Hiking America - Delaware
Delaware · Eastern Terminus
Delaware is the Atlantic bookend of the American Discovery Trail. The eastern terminus sits at Cape Henlopen, on the dune where Delaware Bay meets the ocean — mile zero for a westbound hiker, the final steps for an eastbound one.
It's the shortest state on the route: 44.2 miles, barely 1% of the coast-to-coast trail, all of it across the flat Delmarva coastal plain. Beach and pine forest give way to small towns and farmland, with no wilderness and almost no climbing.
Trail Guide
The Eastern Bookend
The trail ends — or begins — on the Atlantic sand at Cape Henlopen, in the dunes and maritime pine of a state park built over the World War II gun batteries of Fort Miles. There's camping near the terminus, on the beach at the cape and just east of Lewes, so you can start or finish right at the coast. Lewes itself, the 1631 Dutch town a few miles back, sits on the route with inns and a walkable main street. The Cape May–Lewes Ferry lands right beside the park if you're coming in from New Jersey.
A Flat Walk Across the Coastal Plain
Inland, the route is quiet country roads and rail-trail. At the Maryland line the only marker is the road surface — dirt on the Maryland side, pavement once you're in Delaware.
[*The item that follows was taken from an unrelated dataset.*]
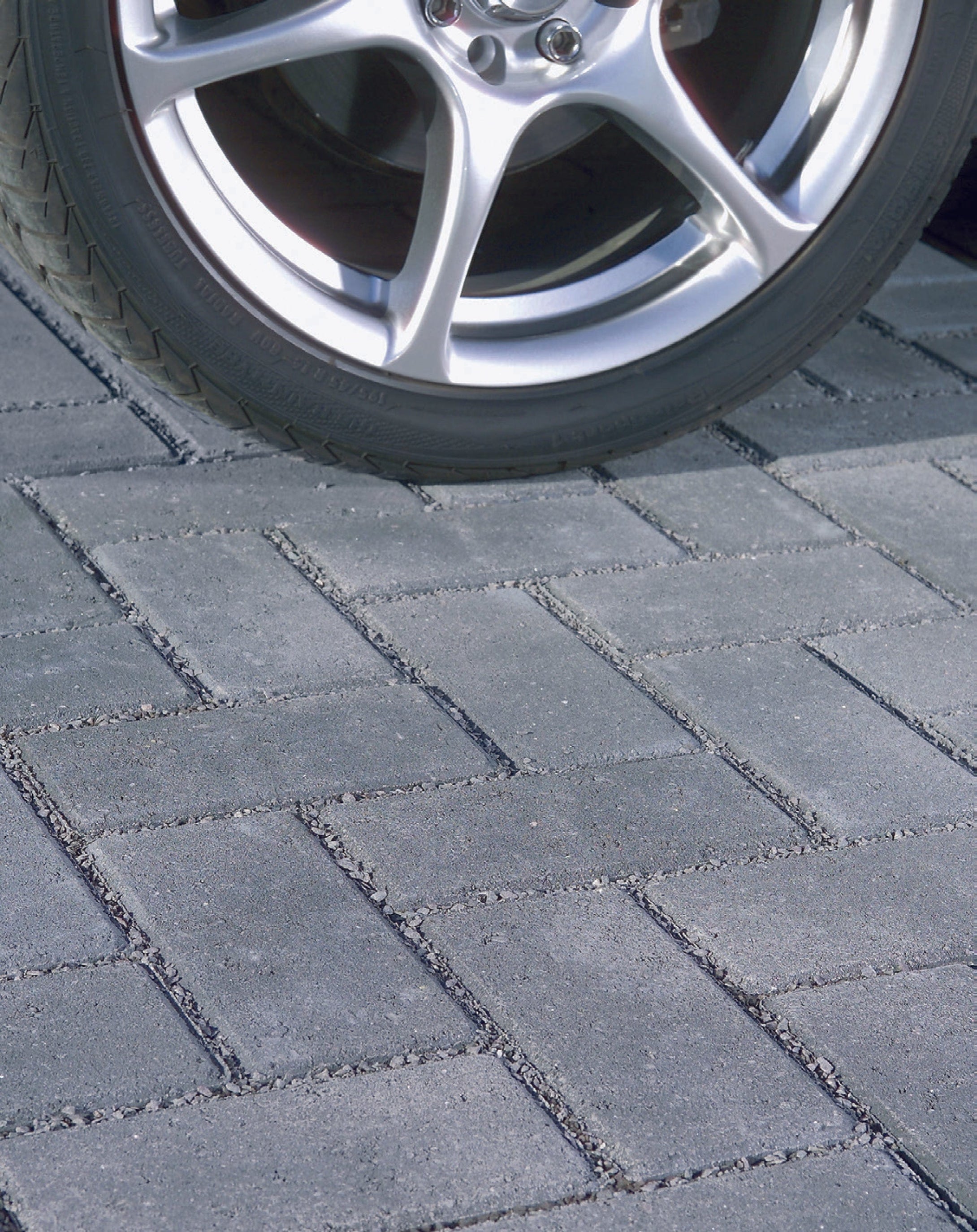 Bradstone Driveway Infilta Permeable Block Paving Charcoal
From there it runs farm roads past Bridgeville and through Redden State Forest, the one real stretch of woods and the main on-trail campground. Closer to the coast it strings together three rail-trails: the Milton Rail Trail past the Dogfish Head brewery, the Georgetown–Lewes Trail into Lewes, and the Cape–Lewes Trail out to the terminus. The one crossing to respect is US 13 near Bridgeville — a 55-mph highway with no pedestrian signal.
Sleeping and Resupply
For its length, Delaware is generous. Towns come every few hours — Bridgeville, Milton, Lewes — with groceries, post offices, and food, and the Rehoboth Beach area near the coast adds full services. Beyond the Redden State Forest campground, hikers lean on trail angels, churches, and Warmshowers hosts who've put up ADT walkers for years. Water and food are never far.
Timing
The coastal plain walks nearly year-round. Summers run hot, humid, and buggy; spring and fall are the sweet spots. One note at the cape: from late spring into summer, horseshoe crabs spawn on the bay beaches and shorebirds crowd in to feed, and the park ropes off nesting areas — give the posted sections room at the terminus.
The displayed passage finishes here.